Soudain, elle lacha un
" Merde "
sonore.
Elle avait completement oublié de regarder où elle pouvait avoir de quoi manger. Elle regarda derrière elle, il y avait une grande surface ( enfin, de taille relative à celle du village ) à cent mètres d'elle, c'était inutile de faire demi-tour, ça lui prendrait autant de temps que d'aller à la boulangerie qui se dressait devant elle. Elle avança péniblement jusqu'à sa destination. Arrivée! La fin de son calvaire pour un court moment. Elle regarda les prix, qu'elle trouva horriblement trop exhaustifs. Si ses pieds n'étaient pas entre elles et l'autre magasin, elle y serait allée en se pressant . La souffrance est souvent quelque chose de castratif. Elle penetra d'un pas faible dans la boulangerie et demanda, en cherchant un des tons les plus polis existant :
" Bonjour, je voudrais un de vos sandwichs. "

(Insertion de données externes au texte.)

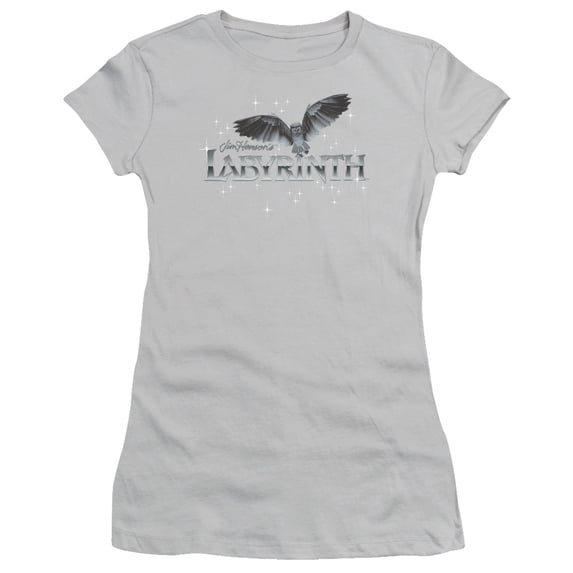 Labyrinth Owl Logo Juniors Short Sleeve Shirt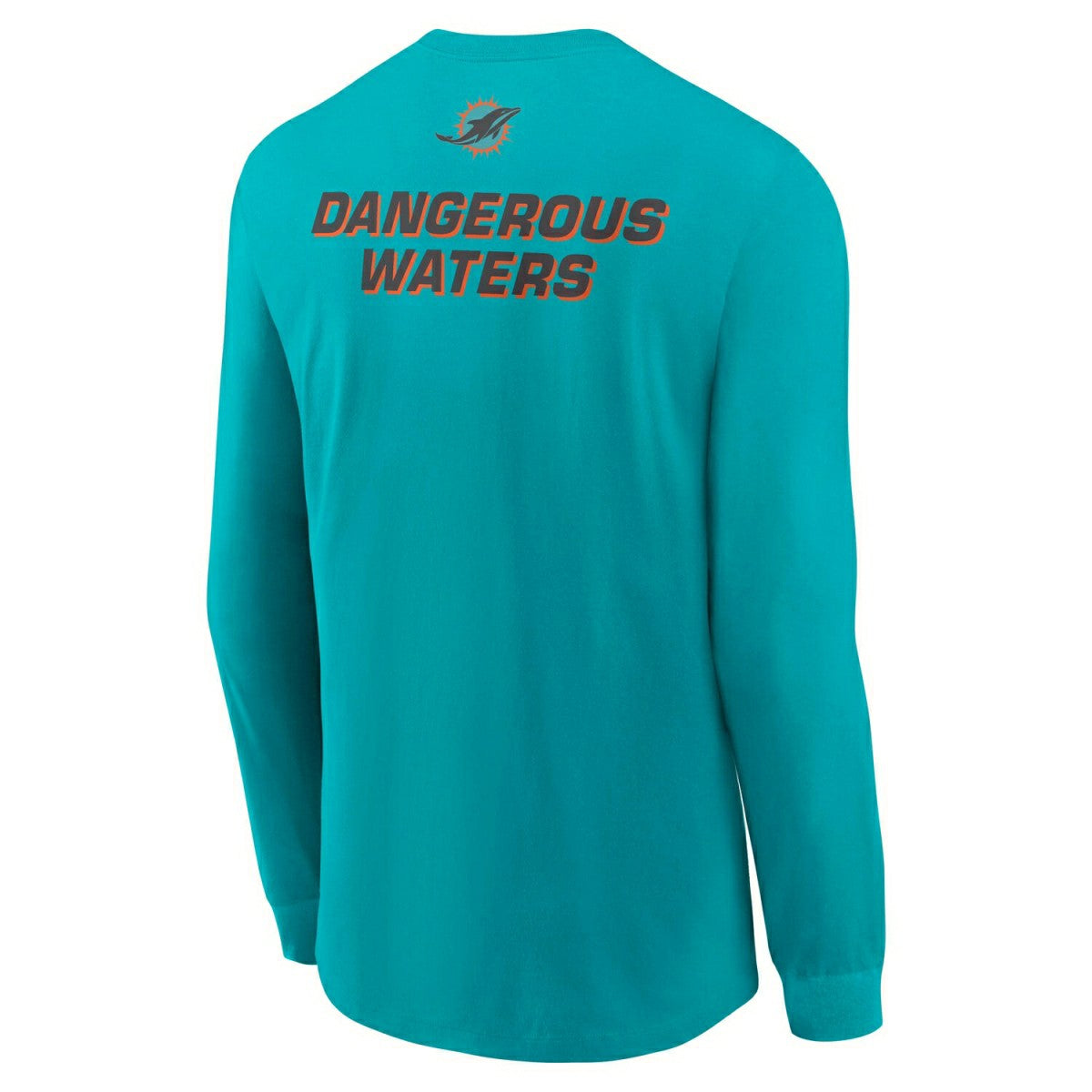 Miami Dolphins 2025 Rivalries Essential NFL Long Sleeve T-Shirt Aqua - Taass discount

" Vous ne pouvez pas me dire quel type de sandwich vous voulez, ou c'est au dessus de vos capacités "
C'était une vieille dame qui devait sans doute tenir sa boutique depuis une vingtaine d'années et avait perdu toute joie depuis la mort de son mari, songea Yuffie. Mais ce n'était pas une excuse. Yuffie sentit monter une vague de haine envers cette dame. Elle retorqua alors d'une voix terrible, honorant son plus grand défaut, le fait de s'enerver très vite :
" Tu as interet à me parler beaucoup "
elle accentua ce mot de façon hyperbolique
" plus poliment, avec tout le respect que tu me dois , si tu ne veux pas mourir, pitoyable humaine. "
Puis, elle ajouta, avec une voix de petite fille sage :
" Je prendrai un jambon-beurre, s'il vous plaît ."
La dame la servit sans pouvoir ajouter un mot. Yuffie posa un billet, le billet le moins cher au comptoir de la dame, ramassa sa nourriture et déclara méchamment :
" Garde la monnaie, ça t'aidera à enrichir ton entreprise minable. Ah oui, j'oubliais. Tu n'as rien vu, rien entendu, sinon, la mort ta paraîtra bien douce à côté du chatiment que je te reserverai. "
Elle entendit sonner la carillon de la porte d'entrée, annonçant un client. Son visage changea alors radicalement d'expression et elle déclara :
" Au revoir madame ." Puis elle sortit péniblement.
Son sandwich ne fut l'affaire que d'une dizaine de minutes et lui coupa sa faim, mais laissa sa douleur intacte. Pourtant elle ne la ressentait plus vraiment. Depuis qu'elle avait fini son casse-croute, elle reflechissait à ses actes dans la boulangerie. Est-ce que la boulangère allait dire quelque chose ? Elle ne pensait pas, elle avait du être horrifiée. Mais si elle le faisait, quel résultat cela amenerait ? Rien de grave, pensa t'elle au bout d'une courte reflexion. Je suis une collectrice d'âme, je suis toute puissante, même les Eskahs ne peuvent rien contre moi. A cette pensée elle lacha un rire sonore. Les regards se tournèrent vers elle.
Aucune importance ! Maintenant, retour à l'hôtel.